After 20 minutes of play, I thought I had seen everything Mario Tennis Open had to offer. Volleys back-and-forth, dumb A.I., unlockable baby versions of characters nobody asked for. Still, it’s not that the game was a major step back from its predecessors, but it’s a tennis game, just a really a fancy version of Pong with Toads and Shy Guys lining the courts.
But I’m here to tell you that 15 hours later, I can’t put the game down. Mario Tennis Open isn’t a terrific game, but collecting tennis duds and rackets has become an addiction I can’t shake. Never mind the fact that my current Boo costume makes it look like my Mii is wearing a diaper on his head – every knickknack I collect gives me more opportunities to customize my character and broadcast my creation to the world. It’s one of many instances in which Nintendo has tapped into a need for self-expression; MTO is just the latest proof that the 3DS is a very social device in need of a network.

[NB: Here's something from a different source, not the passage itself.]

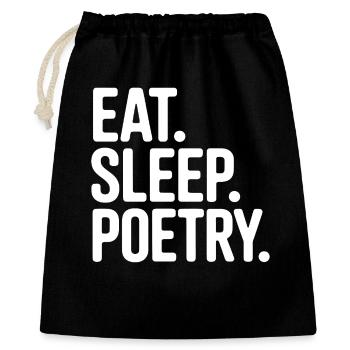 Eat Sleep Poetry Tee - Gift Bag 40 x 50 cm - black - Front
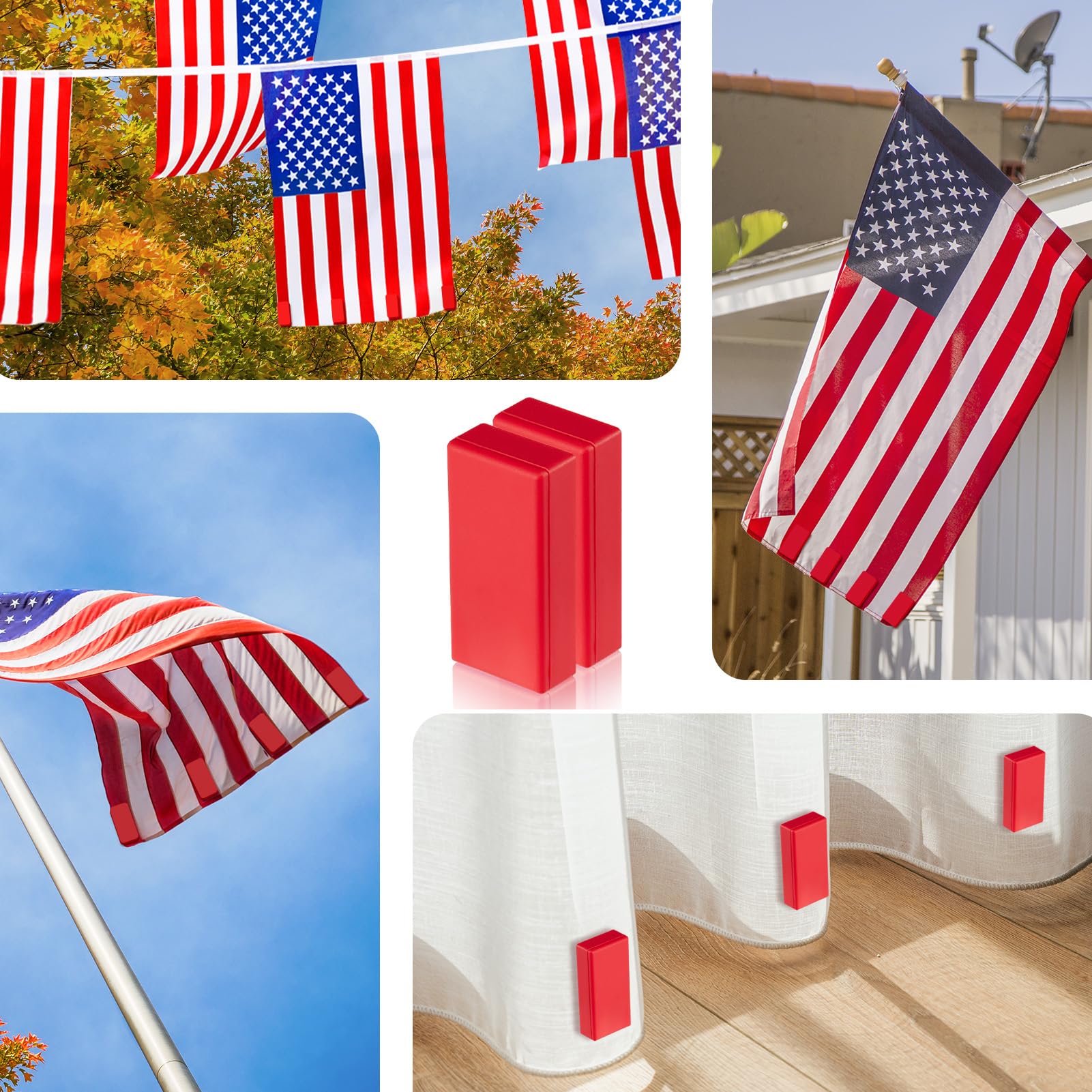Strdfeve flag weights keep garden flags steady on balconies.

I’ve talked about StreetPassing about as extensively as anyone, but it wasn’t until MTO that I realized how attached I was to my specialized Mii, or my Kid Icarus weapon gems, or even my Super Mario 3D Land fastest times. All of this information is self-contained, and in all likelihood, very few of you reading this will ever see any of it. It’s a shame, because even though none of these games have achievements, in a lot of ways, this info says so much more about a player’s skill and preferences. Whenever I encounter someone with over-powered Super Street Fighter IV trophies or a deep red weapon gem, I know that I’m dealing with someone who really knows his or her stuff. Someone who has invested the same stupid amount of time trying to compete with strangers I’ve never met.
But even when I’m not competing directly, I’m certainly comparing my dorky duds to theirs. StreetPassing compiles data from many games at once, meaning that a friend might simultaneously show me their Mario Kart 7 ride, obedient Nintendog pug and MTO all-star in one quick sweep. It’s genuinely thrilling to see the roads not traveled, the vast number of variations available. To this day, I still haven’t found the smiling Koopa Kar part in MK7, and I don’t know how that guy managed to unlock the Dry Bowser Suit in MTO so quickly, but it won’t stop me from trying in my quest to look “cooler.”

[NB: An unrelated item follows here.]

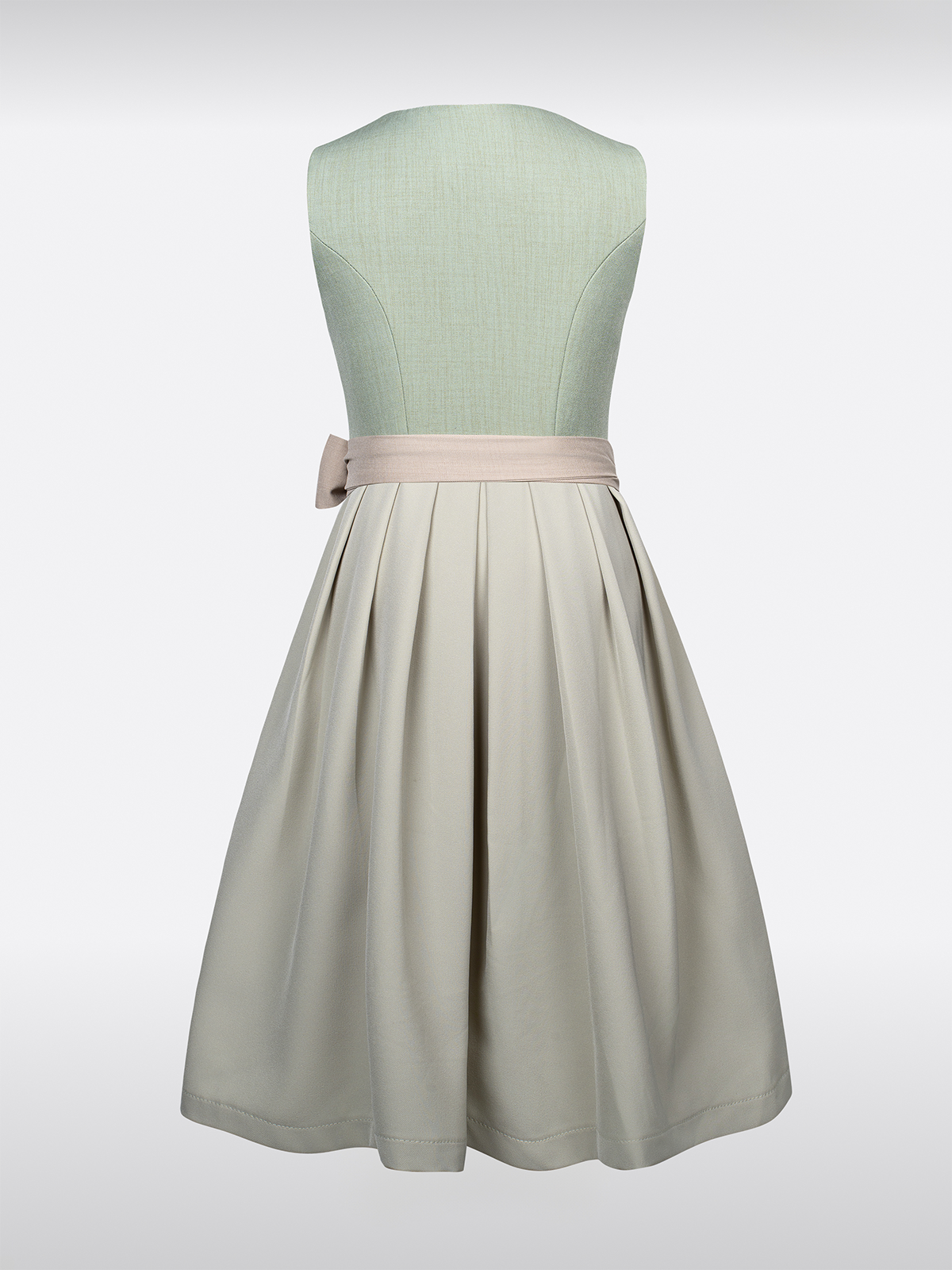 Kinder Grün Einfarbig Dirndl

However, as cool as I find these features personally, I recognize that most normals don’t react to Mario-themed doodads the way I do. For those people, Nintendo needs to do something more, something akin to the social networking concepts it announced last week at E3. For the 3DS, it would behoove the online dinosaur to introduce a gaming equivalent of a mobile Facebook that could compile all of these random characters and items in one handy location. It’s not enough to share my Miis with my fellow commuters – I want to share my creations with all of you. Because you’d be drawing from a system that’s already family-friendly, there would be no need to fret about gaming’s seedy element, and all of these games presented at once would help give a richer picture of each individual gamer.
This wouldn’t be the first time that Nintendo has toyed with gaming as an extension of self. You can trace it all the way back to the Game Boy Camera, and even recently with the DSi, Nintendo has taken baby steps towards something more individualized before. But for the first time, Nintendo has all of the ingredients in place to make something more lasting. The social features on the Wii U suggest forward thinking, but the 3DS is about to be left out. Take a cue from Mario Tennis Open‘s clubhouse locker room and let us show off our Blooper rackets and Wario sneakers to the world!